Seth Tomko is a writer, college-level educator, and adventurer.

Theatrical release poster for "The Golden Voyage of Sinbad" by Brian Bysouth.

Theatrical release poster for "The Golden Voyage of Sinbad" by Brian Bysouth.

Set Sail for Adventure

Sinbad (John Phillip Law) comes into possession of a golden amulet his crew takes from a strange flying creature. Plagued by visions and dreams, his ship is blown off course to Marabia, where Sinbad is accused of stealing the gold trinket by Koura (Tom Baker). Sinbad escapes the ambush and comes under the protection of Marabia’s Vizier (Douglas Wilmer), who wears a golden mask and believes Providence has brought Sinbad and the amulet to their land because he has another third of it and was tasked by the previous king to solve its riddle.

Riddles and Quests

The fact the amulet forms a sea chart and that Sinbad is a captain only encourages the Vizier that they are destined to undertake the journey and discover the treasures before the oppressive sorcerer Koura can claim them. Sinbad takes on some additional crew members, including Margiana (Caroline Munro), a tattooed woman who has figured heavily in his earlier visions. A race is then underway between Sinbad’s crew against Koura with his magic and minions, trying to claim the fabulous treasures and secret power of a lost island civilization.

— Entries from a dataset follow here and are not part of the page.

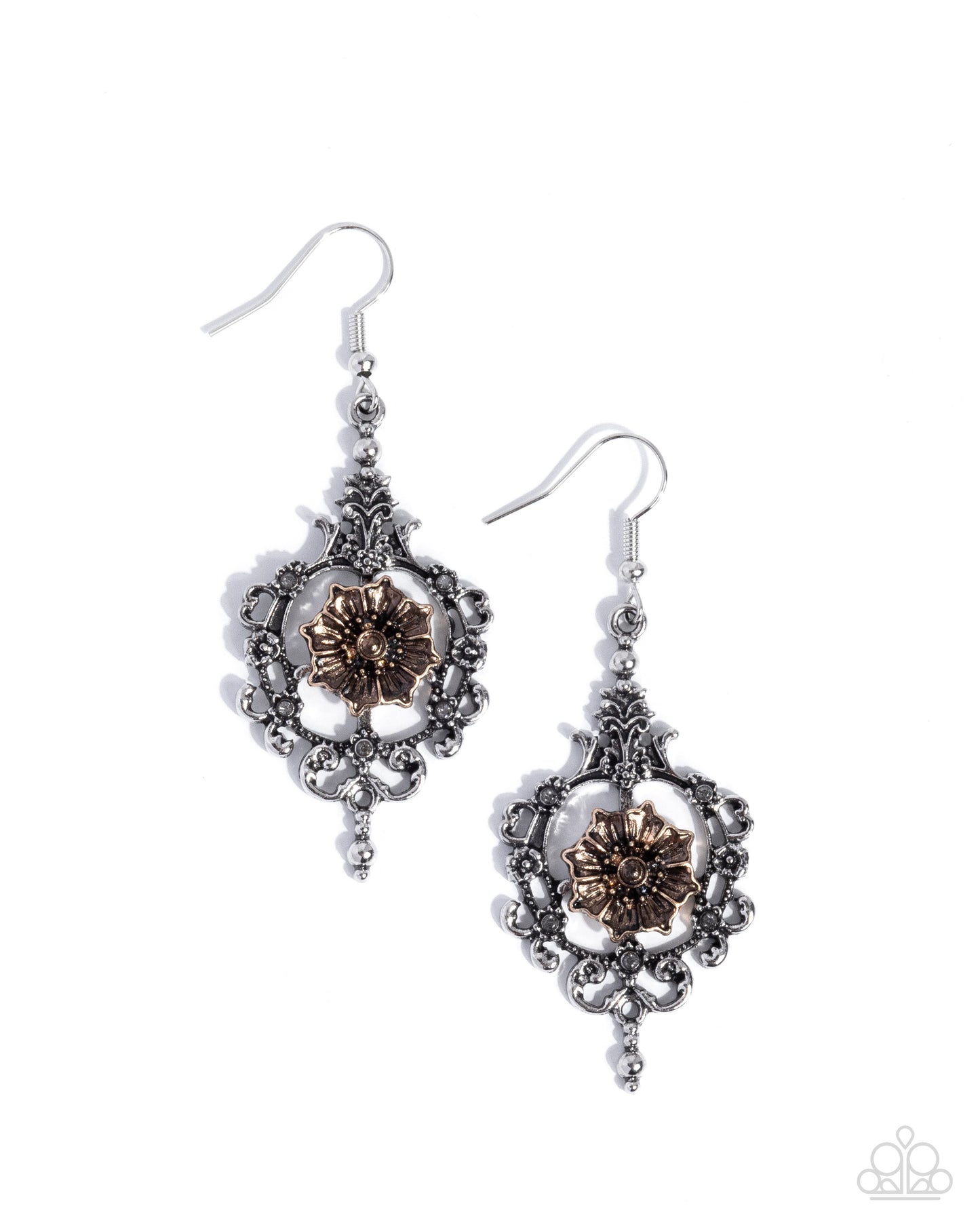 Antique Abloom - Silver & Gold Fishhook Earrings - Paparazzi Accessories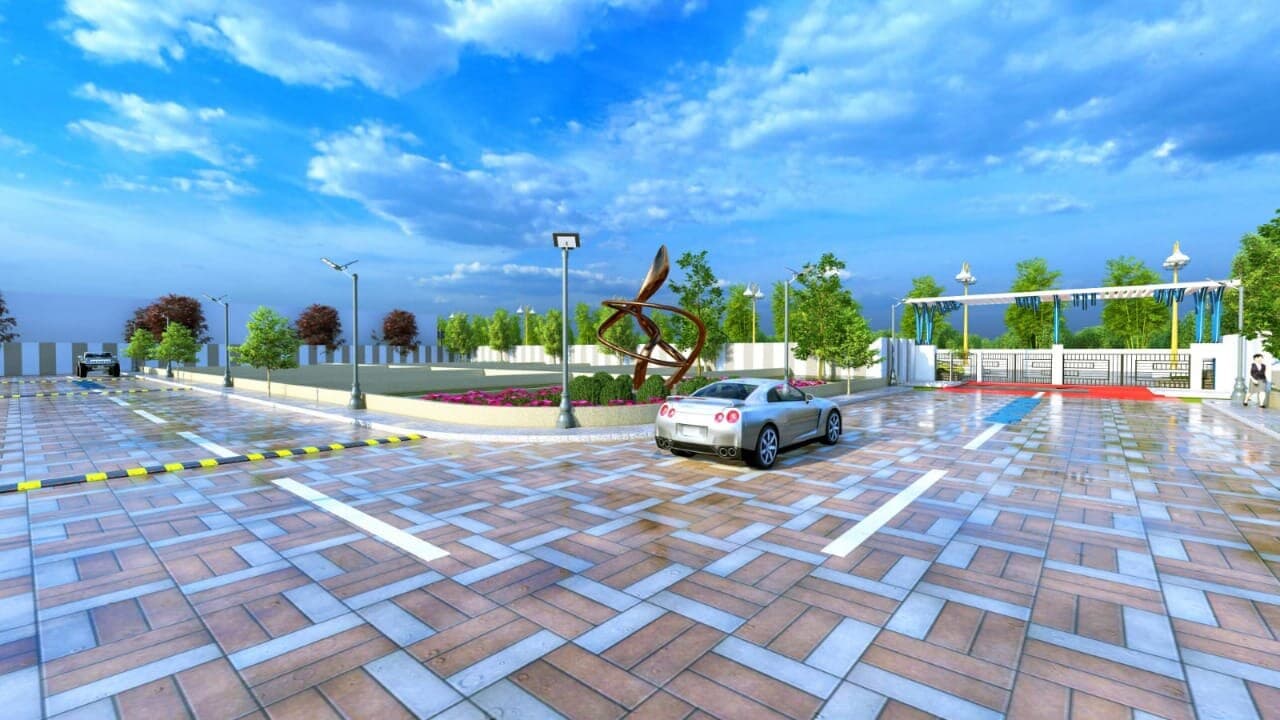 Concept render — entrance plaza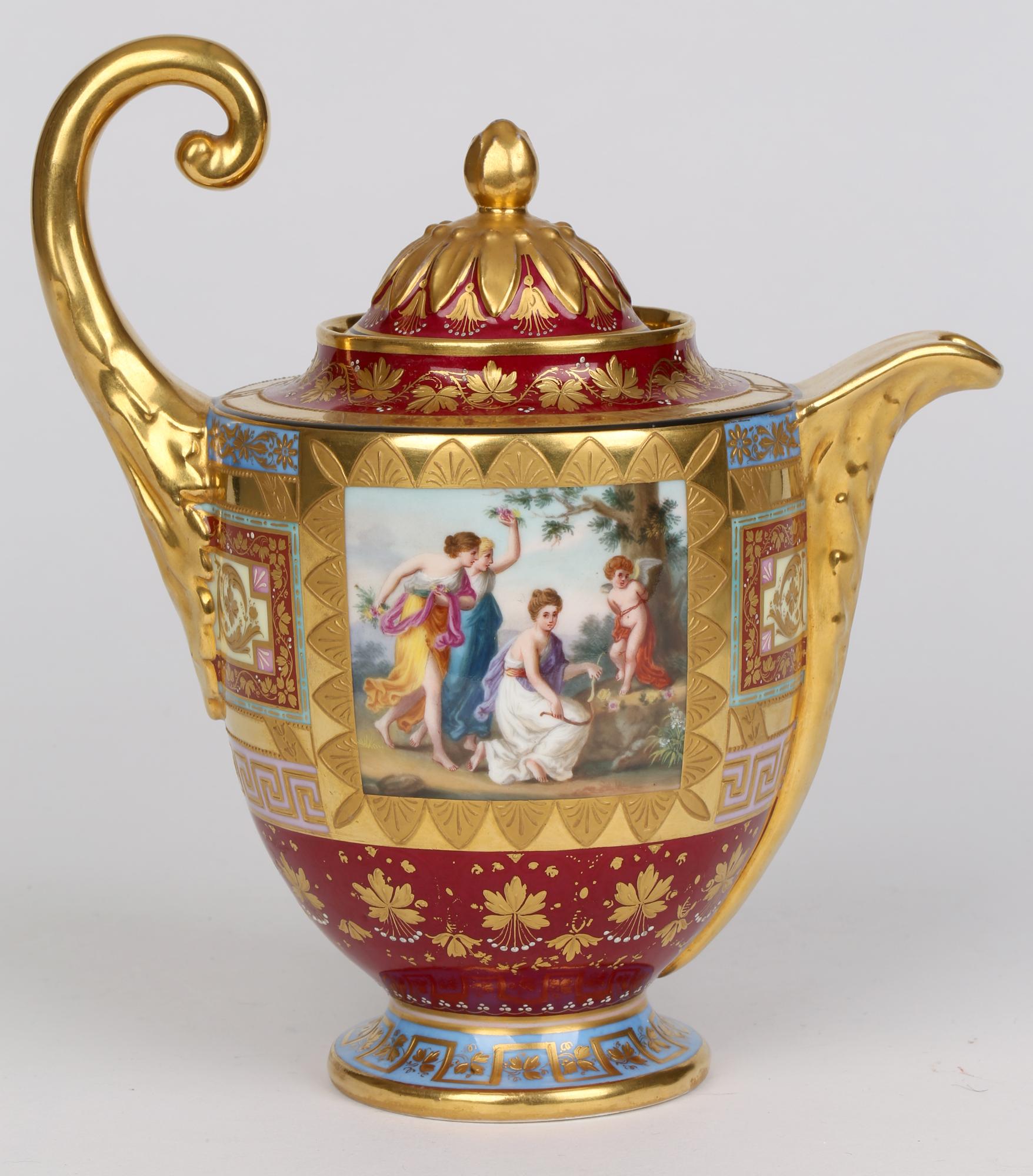 An exceptional antique Austian hand-painted porcelain chocolate pot and stand by the renowned Vienna factory and dating from the 19th century. This exquisite set combines a rounded purpose made stand with a central raised support for the chocolate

Stylized movie poster for the Polish release of The Golden Voyage of Sinbad.

Stylized movie poster for the Polish release of The Golden Voyage of Sinbad.

Trust in Allah, But Tie Up Your Camel

A main through line of the movie it the tension between destiny and human choices. Sinbad is reckless, but he bets on himself and the proficiency of his crew. He says, “Trust in Allah, but tie up your camel” several times, indicating his skepticism toward fatalism. Sinbad is often foolhardy and has to rely on his wits or skill to get himself out of trouble. Nonetheless, he trusts in his visions of Margiana and the island of many faces, even though he can’t explain his reasoning. Other character, like the Vizier and Koura, are believe they are destined for greatness and even more power.

The fast pace of the movie, running about an hour and 45 minutes, leaves the theme and most of the characters a bit underdeveloped while maintaining the tension and urgency. There's no time for pedantic questions like how did the old king know about any of this or how Koura has managed to amass so much power while obviously being an evil sorcerer.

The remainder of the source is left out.